The current configuration bundles all worker in a single scheduler lane called default.
To allow users to queue a job to, for example, b24.local specifically,

  1. login in to that worker
    ssh cryosparcuser@b24.local
    
  2. confirm that the command
    hostname -f
    
    prints
    b24.local
    
  3. and run
    /data/opt/cryosparc/cryosparc_worker/bin/cryosparcw connect \ 
        --master spector.structbio.pitt.edu --port 39000 \
        --worker $(hostname -f) --ssdpath /b24ssd1 \
        --newlane --lane $(hostname -s) --update
    

This command should move the b24.local worker node from the default lane to a lane called b24.
You may follow these steps for each of the workers, keeping in mind

  1. A job queued to a single-node lane would have to wait for a GPU or GPUs on that node, even if GPUs on other nodes are idle.
  2. If you chose to remove all workers from the default lane, after all workers have been removed, remove the default lane with the command
    cryosparcm cli "remove_scheduler_lane('default')"
    
    Otherwise, jobs may still be queued to lane default, but would never run because the lane has no workers.

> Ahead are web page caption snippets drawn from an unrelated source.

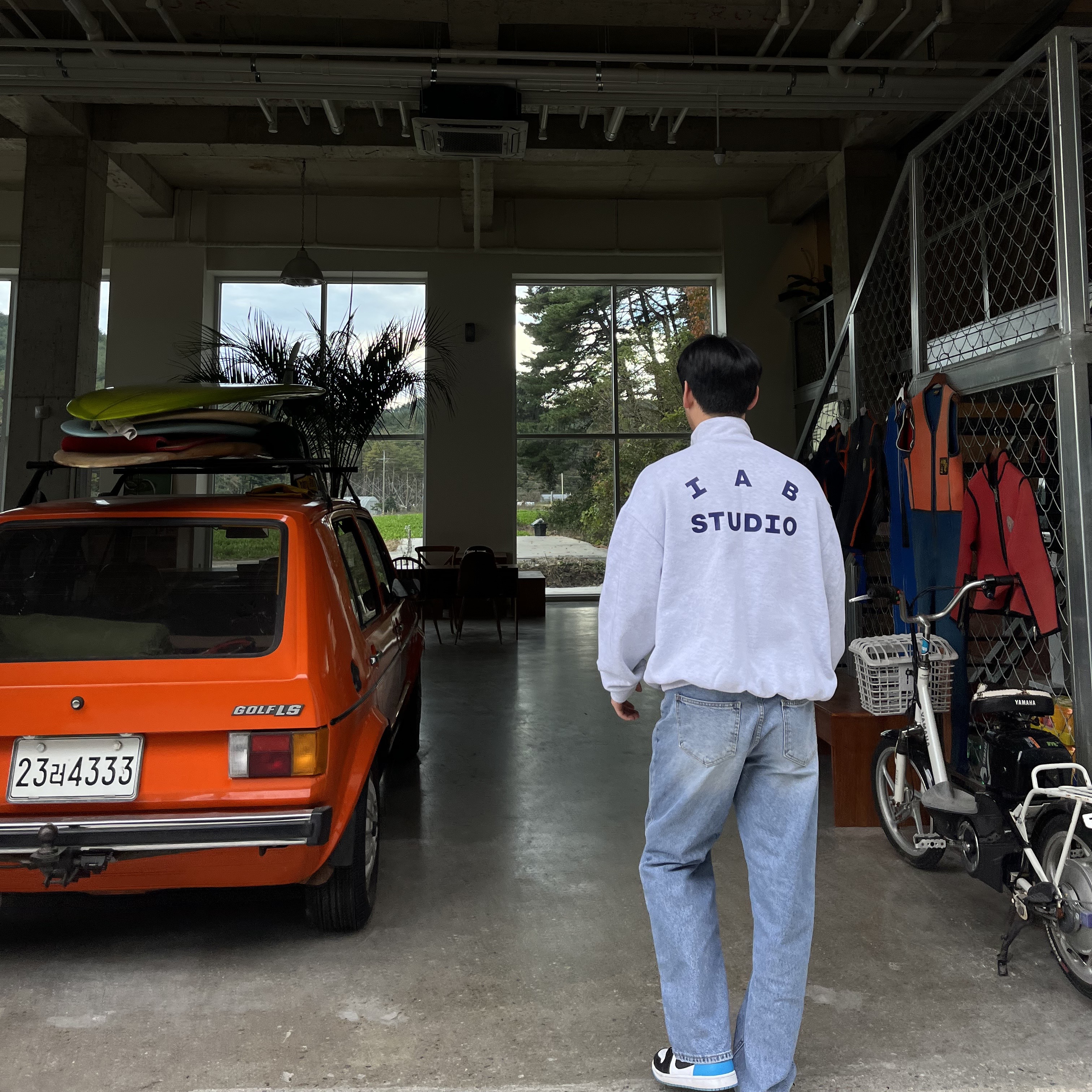 IAB Studio Half Zip Pullover Light Gray, Jordan 1 Retro Low OG Black and Dark Powder Blue 착용 스타일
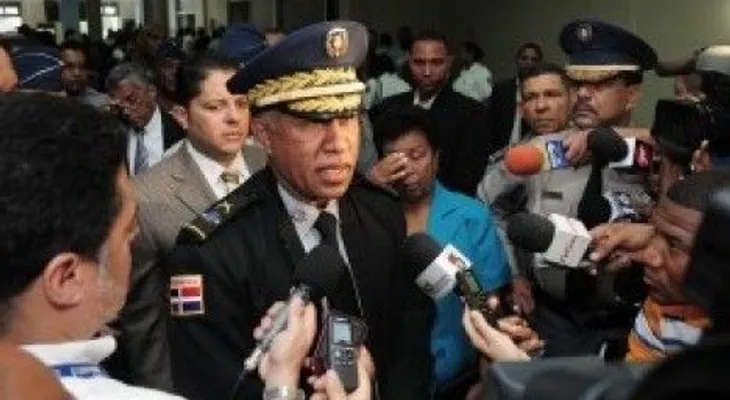 Policía recomienda el retiro y cancelación de 22 agentes 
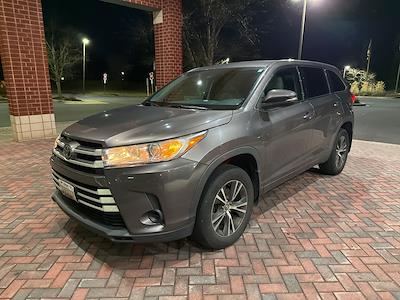 Used 2017 Toyota Highlander LE 4x4, SUV for sale #04289A - photo 1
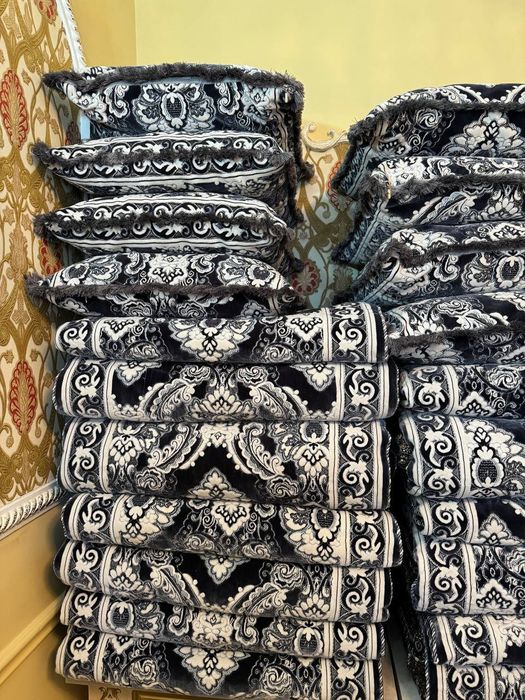 8 ta Koʻrpachalar toza Turkiya materialidan ,8 yostigi bilan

As an aside, I noticed that cryosparcw is in the /data/opt/cryosparc/cryosparc_worker/bin/ directory on all workers except on lakota.local, where cryosparcw is inside /shared/spector/data/opt/cryosparc/cryosparc_worker/bin. Have you confirmed that jobs run properly on lakota.local?

@wtempel great thank you! We have been able to run jobs on lakota but I do see your point and I will investigate fixing this so that it is the same as the other workers.